Ernesto Guevara hubiese cumplido ayer ochenta años. Por eso sus paisanos argentinos le cantaron el "Cumpleaños feliz". Todos sonríen alrededor de su estatua, enorme y negra, de cuatro metros de altura. El peso de su historia es aún mayor, pero también negro y enorme.
El Che, el auténtico Che Guevara, se refleja en estas palabras aterradoras “El odio es un elemento de la lucha, un odio implacable hacia el enemigo, un odio que impulsa al hombre más allá de las limitaciones y lo transforma en una máquina de matar efectiva, violenta, seductora y fría. Así deben ser nuestros soldados. Sin odio no hay libertad”. Lo dijo, sin titubear, en el apocalíptico Mensaje a los pueblos del mundo, durante la Conferencia Tricontinental de La Habana de 1967.
Desde entonces, miles de hombres han muerto y matado impulsados por el Che y su ideología asesina.

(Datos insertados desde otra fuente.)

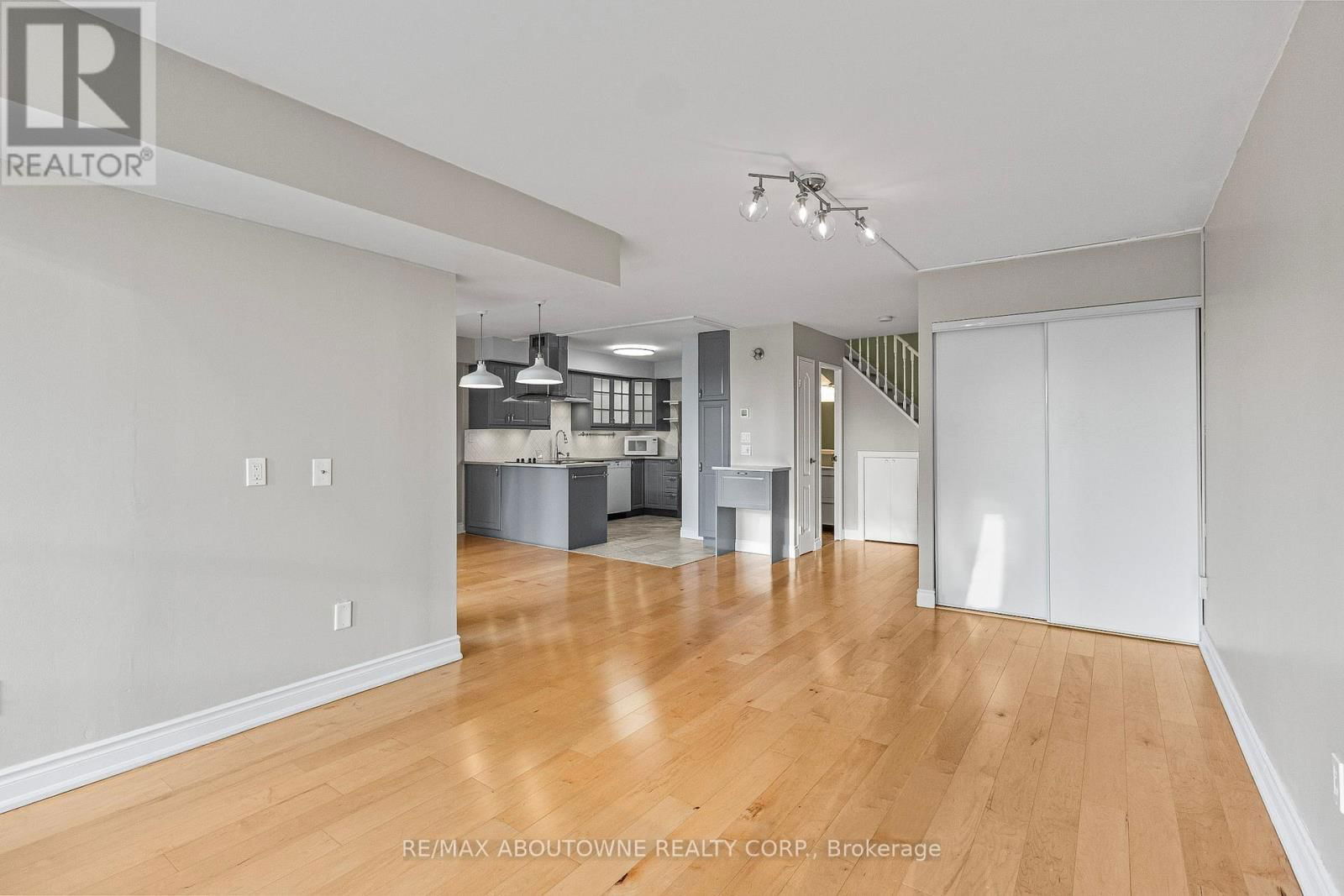 523 - 1300 MARLBOROUGH COURT Image 18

En Cuba, en el Congo, en Bolivia. En Belfast, en Bogotá, en Madrid. Sus hijos fueron las Brigadas Rojas italianas, los Tupamaros, los Montoneros, el MIR chileno, los comandos palestinos de George Habash, los Grupos Comandos en México, los Macheteros de Puerto Rico, la Organización para la Liberación de Palestina (OLP), el Comando Budiá, el Frente de Liberación de Carlos Semprún, las FARC colombianas, ETA y los GRAPO en España, el FSLN nicaragüense. Y otros, muchos otros. Sin parar, sin dudar, sin rectificar.
Por eso me resulta doloroso ver la imagen del Che rodeado de jóvenes y ancianos que sonríen, mientras los políticos aplauden y una parte del mundo se felicita.
Por eso mi alma llora al leer las palabras de monseñor Carlos Manuel de Céspedes en Granma, periódico oficial de la dictadura. Dice el vicario de La Habana "Casi todo en el Che debería ser contemplado a la luz de su opción coherente y radical por los pobres; de su pasión por lo que solemos llamar "justicia social". Tan coherente y radical, tan acerina fue su pasión, que lo llevó a la ofrenda de su propia vida. Y cuando un hombre entero llega a esos extremos, las discrepancias con él adquieren otro tono, pues tal hombre merece, no solo respeto, sino también admiración entrañable. "
Admiración entrañable. Yo lo llamaría Síndrome de Estocolmo, ese estado psicológico que desarrolla la víctima de un secuestro y que le lleva a identificarse con el secuestrador e, incluso, a defenderlo. Podría calificarlo de ignominia, traición o, simplemente, vergüenza. Vergüenza ajena y propia. Ya lo harán otros. Yo me quedo con el ejemplo y la vida del arzobispo Pérez Serantes, con la de monseñor Meurice y la de miles de católicos cubanos que fueron fusilados, torturados o exiliados. También me quedo con el consejo evangélico "¡Ay! del que escandalizare a uno de estos pequeñuelos. Más le valdría atarse una rueda de molino al cuello y arrojarse al mar".
Quizá, bien pensado, la estatua del Che -puesta por los incautos en lo más alto- sea el mejor resumen de la vida de Ernesto Guevara de la Serna: plomo y dureza inhumana que terminan en un recuerdo inútil.